Together with Cassie, Rio, and their offspring, Hunt gradually forged what is now being recognized as a compelling alternative to established (and far more destructive) methods of dealing with pillaging bears. Traditionally, the solution has been either to kill such animals outright or to relocate them — which often only postpones the inevitable. Relocated grizzlies, for example, have a 20 percent annual mortality rate — an especially troubling number, given that less than 1,000 survive in the Lower 48. “If we can leave even one or two female grizzlies alive because of the dogs,” says Manley, a Montana state biologist who works with Hunt, “that's a tremendous stride forward.”
In April, Hunt and Manley presented the statistics on her work to 350 biologists at the International Bear Conference in Gatlinburg, Tennessee, creating something of a sensation — though not everyone was sold. Yosemite National Park, for example, did not invite her back this year. “If a bear has been coming into the campgrounds for months, weeks, or years, aversive conditioning is much more difficult,” says Steven Thompson, Yosemite's wildlife biologist. “We see Carrie's program as valuable, but it's a bit too early for us, mainly because we have such high concentrations of people that offer a large source of food to bears.”

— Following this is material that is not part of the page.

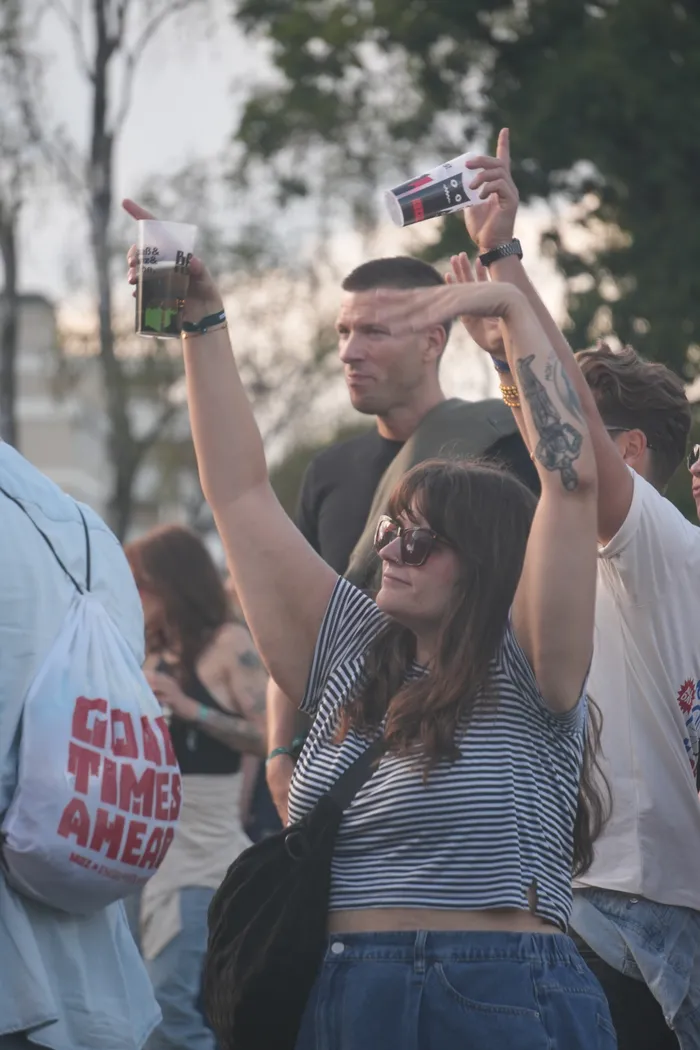 Eine Frau mit Sonnenbrille und gestreiftem Shirt hebt die Arme hoch, während Menschen im Hintergrund bei einem Sommerfest feiern.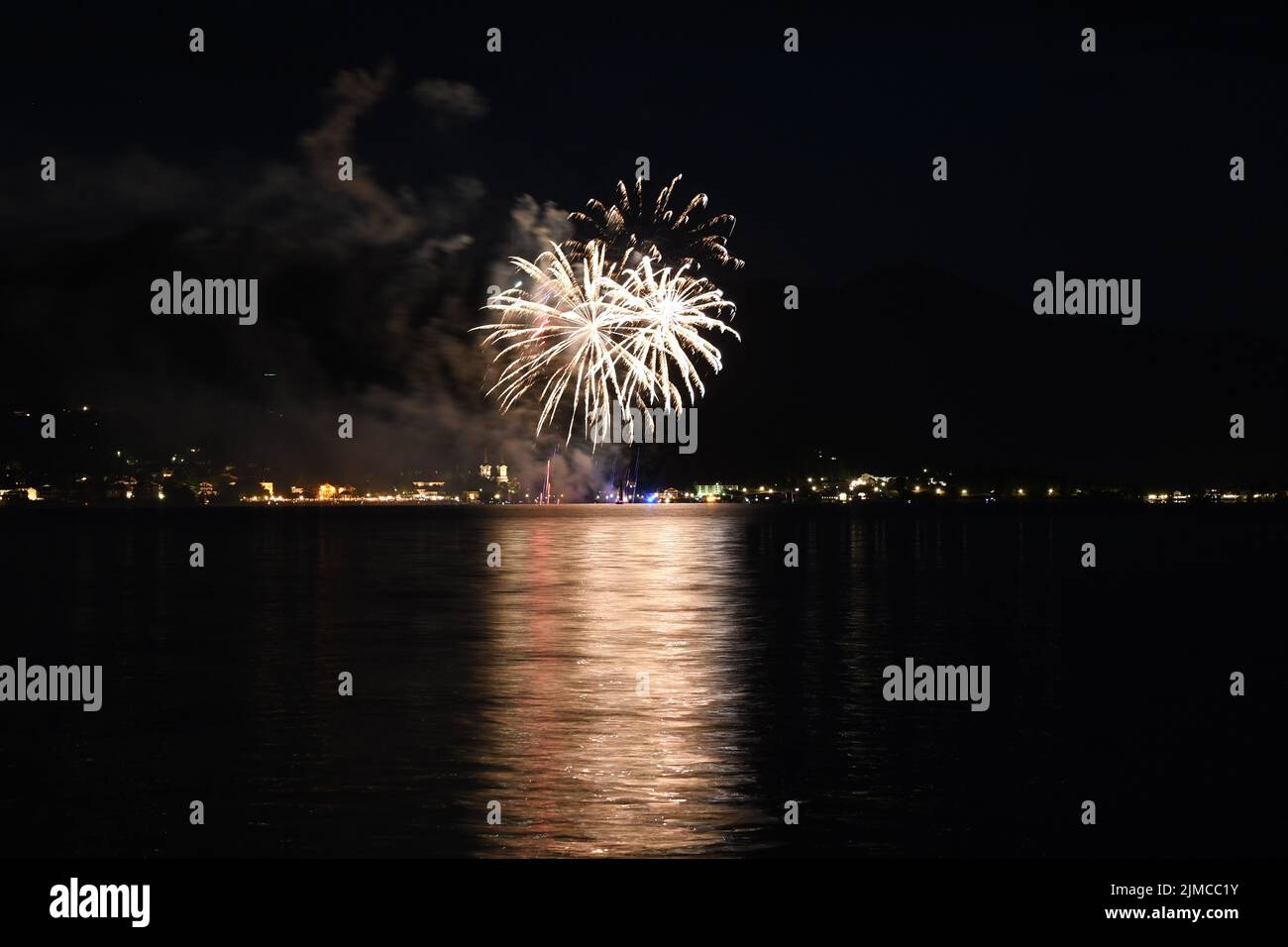 Splendidi fuochi d'artificio dorati che si illuminano nel cielo notturno e si riflettono sull'acqua di Tegernsee, Baviera, Germania Foto Stock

Nevertheless, Hunt received a huge vote of confidence this summer when Glacier National Park, the U.S. Forest Service, and the state of Montana hired her to spend the entire field season, from May to November, allowing her Karelians to do what they do best: train bears. She's also finally getting some financial help, in the form of a $10,000-a-month budget. Charles Jonkel, who guided Hunt through her master's degree in wildlife biology at the University of Montana, thinks this endorsement may be the beginning of new trend in bear management. “One by one, the people involved in deterrent work, including me, just said piss on it and walked away because we couldn't get agencies to help,” he says. “But not Carrie. She hung in there. And now it's coming together. People are finally listening.”